Developed and deployed a logistic regression model (scikit-learn) with feature engineering and 5-fold cross-validation, achieving 95% accuracy in predicting churn; insights drove personalized retention campaigns, boosting customer retention by 26% and saving $1.2M annually in recovered revenue.
Bharti Airtel Gurugram, India
Data Analytics Intern May2019 – Jul 2019
Designed telecom network dashboards visualizing CDR, latency, and packet loss metrics, optimizing capacity and reducing service downtime by 20%.
Leveraged Wireshark to analyze telecom traffic, identifying SIP/DDoS vulnerabilities and mitigating risks with security teams, boosting compliance and reliability.
Technical and Research Project Experience
Brain tumor Segmentation (Graduate research project) GitHub
Developed and optimized deep learning models (3D U-Net and Residual U-Net) for segmenting multi-compartment gliomas from post-treatment MRI scans, achieving high Dice scores in critical regions like surrounding FLAIR hyperintensities (0.797) and resection cavities (0.61).
Implemented advanced preprocessing and augmentation techniques, including Z-score normalisation, multi-modal MRI stacking, and transformations like zooming and rotation, enhancing model generalisation and segmentation accuracy in complex medical imaging tasks.

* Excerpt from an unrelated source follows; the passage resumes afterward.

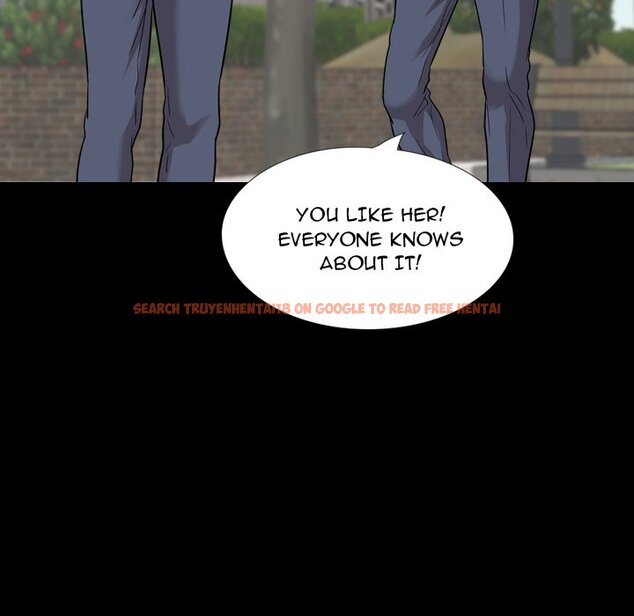 Read Hentai Image 141 850 in comic Friends - Chapter 37 - hentaitnt.net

Recommendation system using Spotify data with Machine learning and Neo4j (Graduate Research Project)GitHub
Used Neo4j to create a graph database and mapped the relationships between users, songs, genres, and other musical attributes.

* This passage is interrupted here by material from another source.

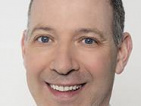 Daniel Zelazny, MD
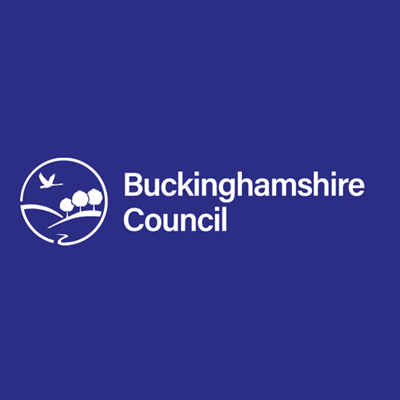 buckinghamshire.gov.uk logo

Applied KNN on content-based filtering and collaborative-based filtering. Implemented evaluation metrics to assess the performance of the recommendation system and fine-tuned the KNN models for optimal accuracy and efficiency.
Unbiased Classification of Spatial Strategies in Barnes Maze (Graduate Research Project)
Developed and implemented machine learning models, including KNN, SVM, Decision Trees, CNNs, and reinforcement learning, to classify spatial strategies in the Barnes maze and uncover complex behavioural patterns
Urban Mobility and Traffic Flow Forecasting Using Advanced Time Series Models (Graduate research project)
Designed ARIMA/SARIMA/Holt-Winters models and engineered PCA/SVD pipelines to forecast traffic flow/pollution trends from geospatial datasets (1M+ GPS points), achieving 92% accuracy in short-term predictions and 30% model efficiency gain—techniques scalable to battery sensor data for anomaly detection.